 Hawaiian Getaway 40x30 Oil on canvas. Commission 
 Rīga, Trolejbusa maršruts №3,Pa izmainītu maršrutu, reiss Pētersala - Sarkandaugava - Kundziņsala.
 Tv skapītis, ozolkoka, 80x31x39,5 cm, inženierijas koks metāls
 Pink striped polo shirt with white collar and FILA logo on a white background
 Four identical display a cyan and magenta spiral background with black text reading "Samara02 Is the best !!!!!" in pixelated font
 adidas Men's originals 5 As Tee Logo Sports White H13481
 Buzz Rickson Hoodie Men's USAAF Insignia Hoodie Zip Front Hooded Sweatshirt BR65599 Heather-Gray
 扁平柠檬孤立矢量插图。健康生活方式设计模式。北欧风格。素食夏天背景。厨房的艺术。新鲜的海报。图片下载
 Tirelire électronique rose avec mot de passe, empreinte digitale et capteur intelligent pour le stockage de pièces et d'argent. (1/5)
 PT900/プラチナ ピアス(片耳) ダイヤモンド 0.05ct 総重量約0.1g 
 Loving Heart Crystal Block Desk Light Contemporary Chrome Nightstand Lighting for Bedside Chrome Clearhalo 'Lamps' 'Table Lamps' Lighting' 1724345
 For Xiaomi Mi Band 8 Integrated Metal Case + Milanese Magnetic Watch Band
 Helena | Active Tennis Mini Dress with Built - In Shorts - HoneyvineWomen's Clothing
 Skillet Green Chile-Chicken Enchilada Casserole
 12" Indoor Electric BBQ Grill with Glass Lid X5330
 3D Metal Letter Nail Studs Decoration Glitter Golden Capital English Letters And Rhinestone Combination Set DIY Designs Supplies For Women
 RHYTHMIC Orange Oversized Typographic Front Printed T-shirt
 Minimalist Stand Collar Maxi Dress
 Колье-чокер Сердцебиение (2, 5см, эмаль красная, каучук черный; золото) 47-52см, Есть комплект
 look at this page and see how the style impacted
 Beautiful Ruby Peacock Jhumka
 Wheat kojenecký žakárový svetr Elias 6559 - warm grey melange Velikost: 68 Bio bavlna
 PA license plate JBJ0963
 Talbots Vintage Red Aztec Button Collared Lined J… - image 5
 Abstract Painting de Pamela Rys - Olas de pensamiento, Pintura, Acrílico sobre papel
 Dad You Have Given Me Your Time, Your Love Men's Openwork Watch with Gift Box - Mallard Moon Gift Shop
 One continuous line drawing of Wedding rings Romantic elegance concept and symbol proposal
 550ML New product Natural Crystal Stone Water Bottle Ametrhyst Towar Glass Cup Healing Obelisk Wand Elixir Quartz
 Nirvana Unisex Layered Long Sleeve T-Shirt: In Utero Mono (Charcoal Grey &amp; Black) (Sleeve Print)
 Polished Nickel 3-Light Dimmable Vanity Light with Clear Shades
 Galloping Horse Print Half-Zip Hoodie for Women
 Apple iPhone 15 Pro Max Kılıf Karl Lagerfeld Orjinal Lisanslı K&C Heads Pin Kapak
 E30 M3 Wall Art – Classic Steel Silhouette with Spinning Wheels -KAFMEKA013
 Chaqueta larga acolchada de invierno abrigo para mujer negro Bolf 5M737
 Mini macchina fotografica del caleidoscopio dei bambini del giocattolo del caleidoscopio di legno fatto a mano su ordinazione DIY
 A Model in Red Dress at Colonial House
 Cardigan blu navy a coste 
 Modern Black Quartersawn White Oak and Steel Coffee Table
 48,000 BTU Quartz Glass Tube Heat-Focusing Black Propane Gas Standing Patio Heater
= = = =
#### What is being asked
Every line containing the string "Quartz" should be pulled from the listing and copied.

#### Completed exercise
 550ML New product Natural Crystal Stone Water Bottle Ametrhyst Towar Glass Cup Healing Obelisk Wand Elixir Quartz
 48,000 BTU Quartz Glass Tube Heat-Focusing Black Propane Gas Standing Patio Heater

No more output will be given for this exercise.